The Social Collaboration degree of maturity looks at which and how intensively companies use collaboration technologies. In addition, the study also asks about perceived work efficiency and the relevance of the scenario to daily work routines. As expected, responses were dominated by “exchange of documents” and “communication and coordination within the team”. A high degree of maturity in implementation reflects this important priority. But the surprises do not end there: these two scenarios, which are considered top priorities, are followed by “search for experts” and “exchange within interest groups”; these are mentioned before “mobile work” or “internal company information” (Intranet). In terms of the degree of maturity and implementation, these scenarios are however in last place, which highlights a major discrepancy between importance and reality. The search for experts and knowledge continues to be overly characterized by analog work methods!
But the study also provides arguments to counter the concerns raised by sceptics: Document-centered collaboration demonstrates the big impact from the actual use of technology - not to be confused with the pure provision of technology: Companies that make intensive use of modern technologies, such as virtual team work areas, are almost 50% more efficient (48% higher perceived work efficiency compared to companies that provide the technology but are not using it to any great degree). Or put another way: In companies that offer a high level of maturity in terms of social collaboration, employees and managers are much more satisfied with regard to managing their tasks.
Medium-sized Companies Need Catch-up
Some catch-up requirements are evident in the segment of the larger medium-sized companies: Companies with up to 20,000 employees fare worse than large companies in all scenarios with respect to perceived work efficiency as well as the level of maturity in terms of social collaboration. But this also means that there are more opportunities in this area! Let's take a look at the following example: Medium-sized companies that successfully use technologies such as a company-wide search function or Enterprise Social Networks in their search for knowledge achieve 58% higher work efficiency. These are surprisingly high numbers.
The study results also suggest something that we see on a regular basis: medium-sized companies do not limit themselves as much to individual scenarios and local improvements, but rather aim for a comprehensive Social Collaboration strategy.
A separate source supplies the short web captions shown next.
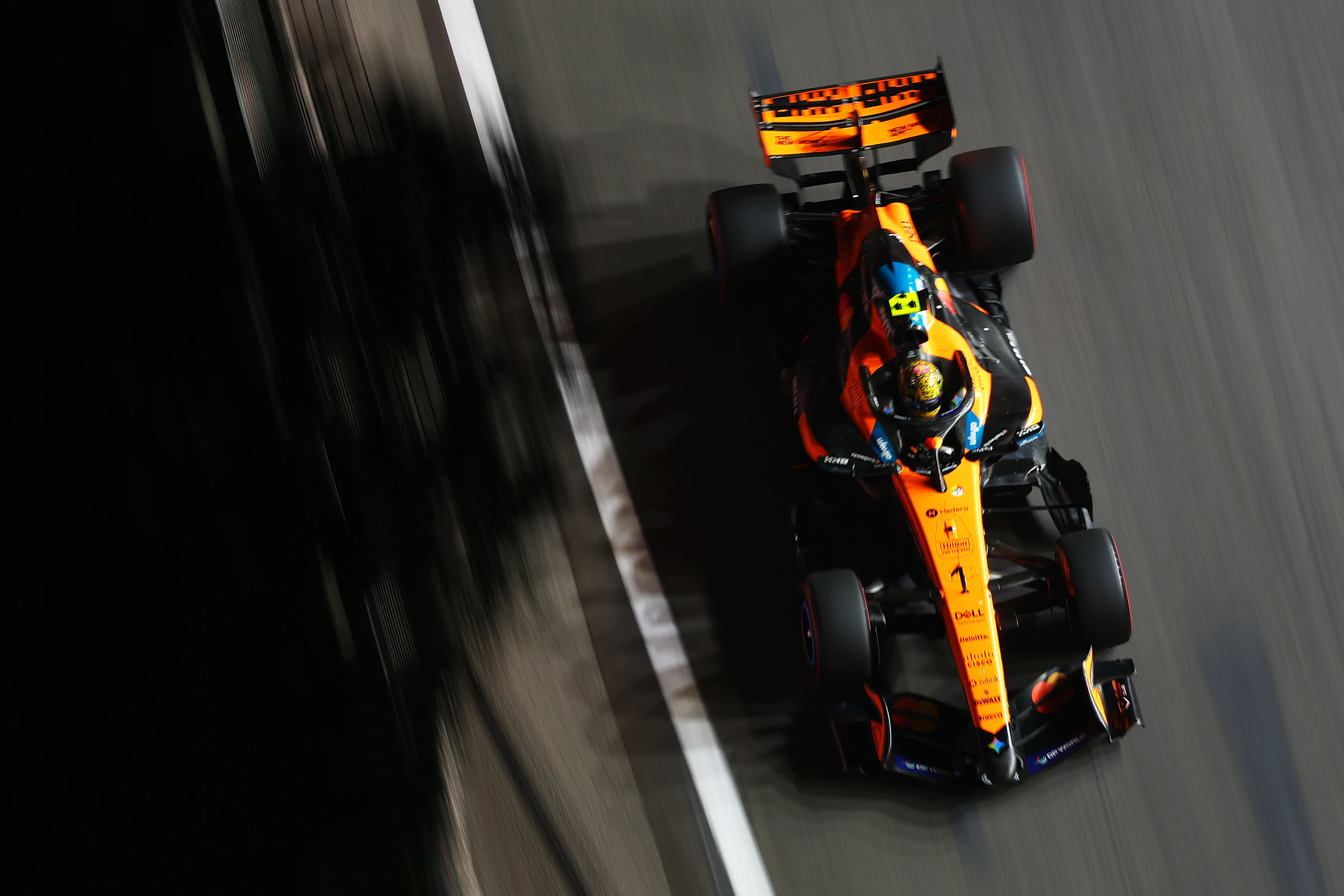 SINGAPORE, SINGAPORE - OCTOBER 09: Lando Norris of Great Britain driving the (1) McLaren MCL40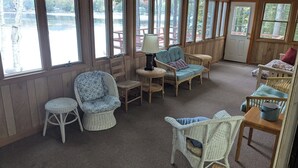 Ein gemütliches Zimmer mit Korbmöbeln, großen Fenstern und Seeblick.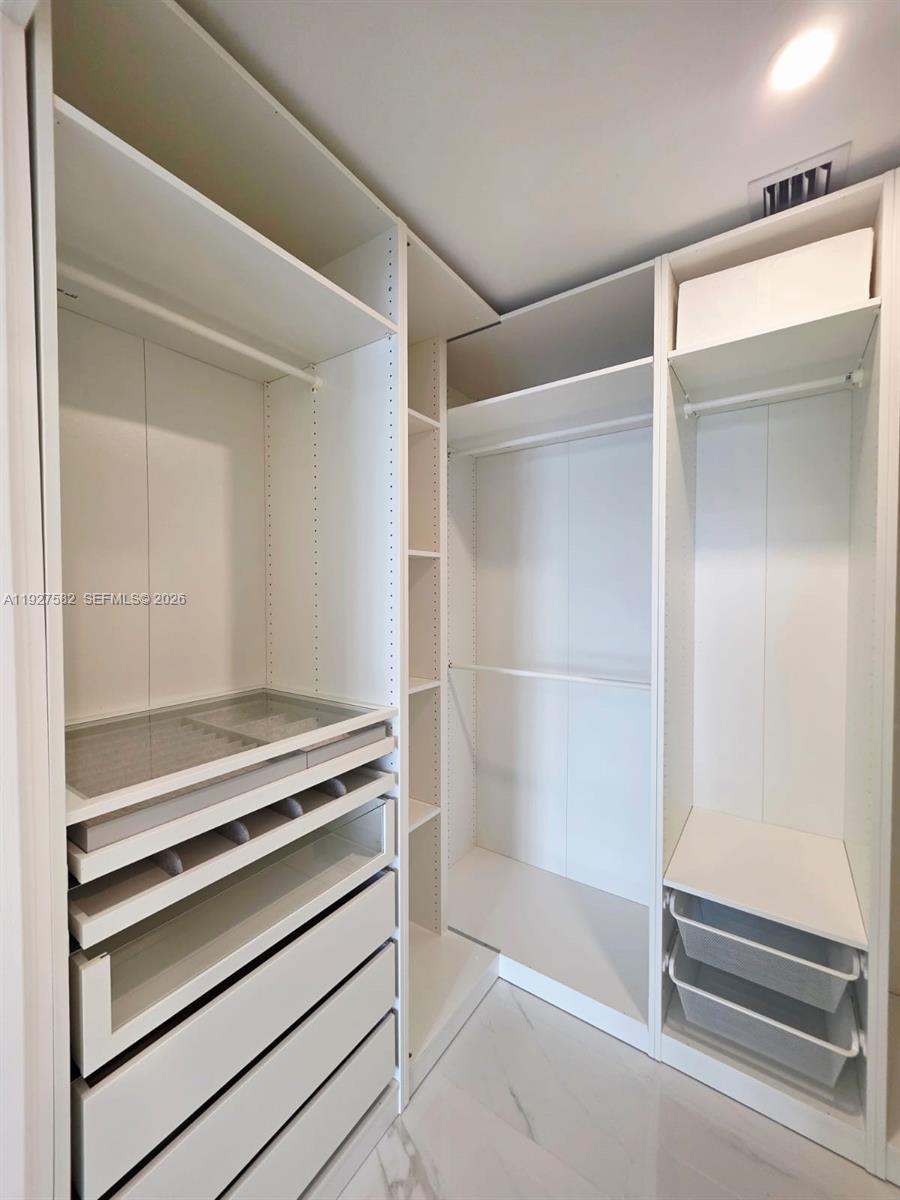 700 Northeast 24th Street, Unit 3803 Miami, FL 33137 - Photo 11 of 22 a view of room with closet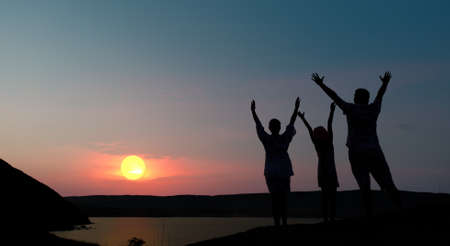 The family from three persons welcomes the sunset sun.の写真素材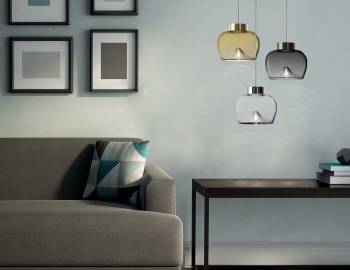 Modern interior, biege sofa, frames and a table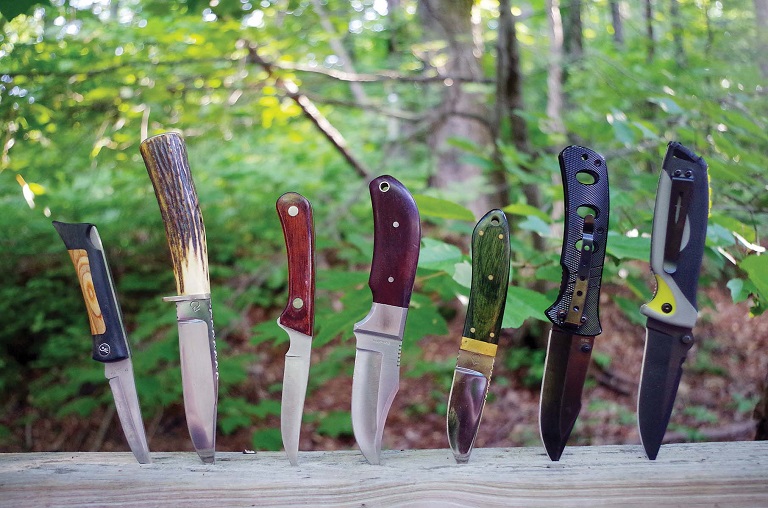 close-up of different types of hunting knives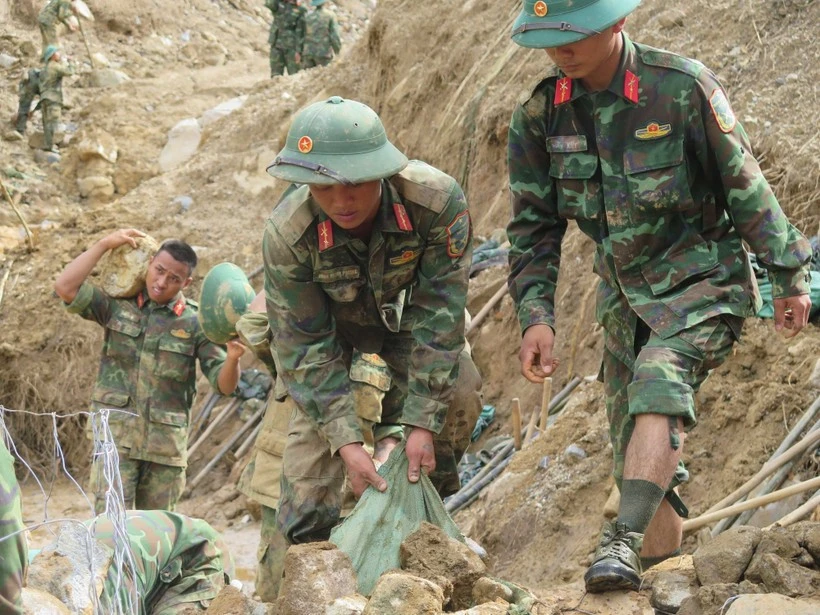 Officers and soldiers of the Army Corps 34 clear roads to reach villages isolated by floods in Ngoc Linh commune, Quang Ngai province. (Photo: VNA)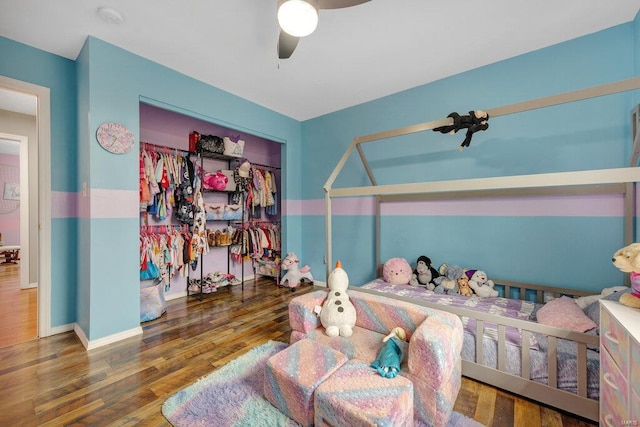 bedroom with a closet, ceiling fan, and dark hardwood / wood-style floors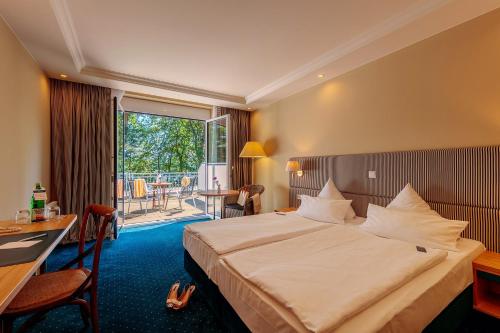 ein Hotelzimmer mit einem Bett, einem Schreibtisch und einem Balkon in der Unterkunft INSELHOTEL Potsdam in Potsdam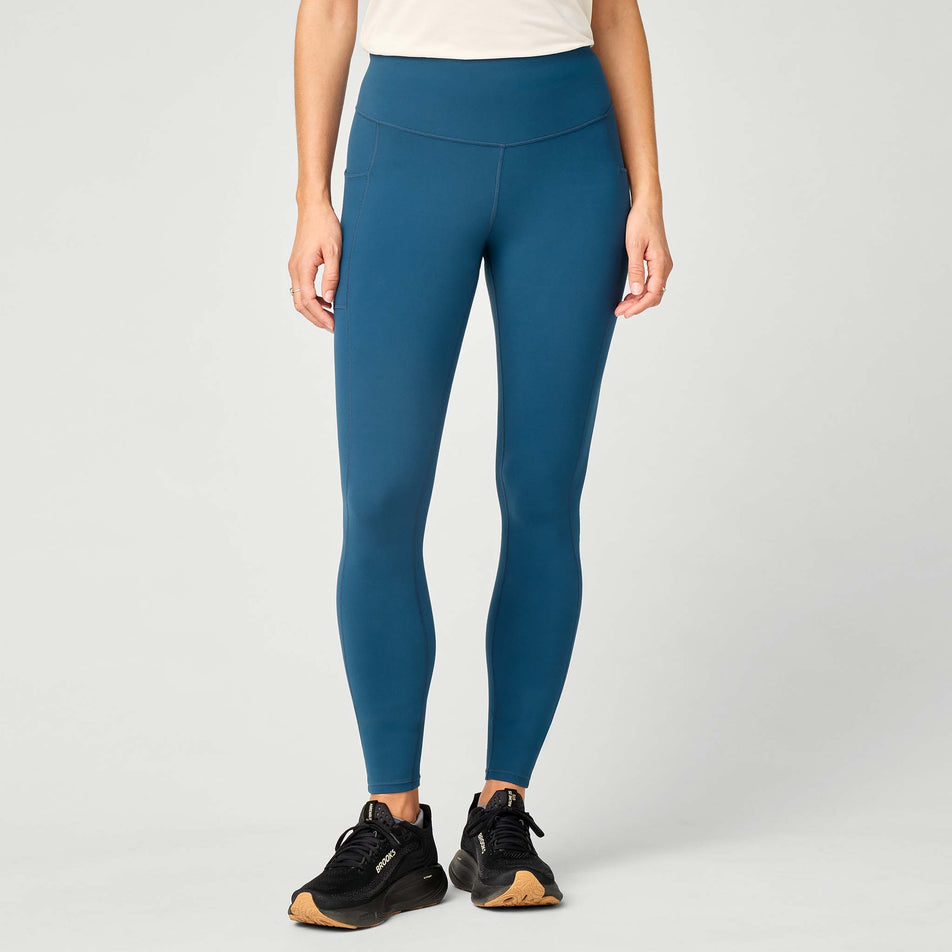 Front view of a model wearing the Brooks Women's Thermal Reflective Tight in the Indigo/Reflective colourway.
Based on our experience, this approach is frequently supported, and in many cases carried, by top management.
We recently had an opportunity to discuss the results and consequences from the study with decision-makers and CIOs in a small group setting in Hamburg. This lively round of discussion can be summarized as follows:
1. How we create is what we create
The main success factor - bringing together different experts, different areas of the company and different locations or national affiliates! Really new things only emerge from a diversity of ideas and experience.
2. Less (i.e. fewer tools) is more (benefit)
A development manager reports that “our company offers more than 25 tools that can be used for social collaboration”. Are they trying to create a situation in which employees are faced with too many choices? A comprehensive social collaboration strategy provides clarification regarding competitive or redundant tools; initially, competition between solutions is a good thing. But then the competition has to boil down to: which tools should be used to implement which use cases? Your employees have a right to clear answers!
3. Social collaboration and corporate culture
Social collaboration technologies have a lot to do with a changed corporate culture. They are cause and effect simultaneously: on the one hand, the values that are relevant to management and collaboration are changing in many companies. The importance of hierarchically-implemented or hierarchically-dependent processes is declining. The importance of common values, goals and a common vision is increasing, and shapes particularly those companies that master or even lead the coming digital transformation process. This requires integrated exchange processes and variable forms of communication, and also requires the use of new tools and social collaboration technologies such as SharePoint or Yammer. In turn, these technologies can also accelerate the transformation process. The internal use of social media components leads to other forms of collaboration - something that is also confirmed by the study.
4. Management of Change
The management of the transformation must be organized and supervised - but not with the large-scale roll-out of training measures. Rather, a large number of smaller but coordinated measures is the key. It is the only way to ensure that employees will actually participate in the process. Most employees have a good feel for the actions of their managers: Are they serious about this? Do they also take an active role? Do the managers themselves benefit from social collaboration? This will decide the success or failure of any social collaboration technology.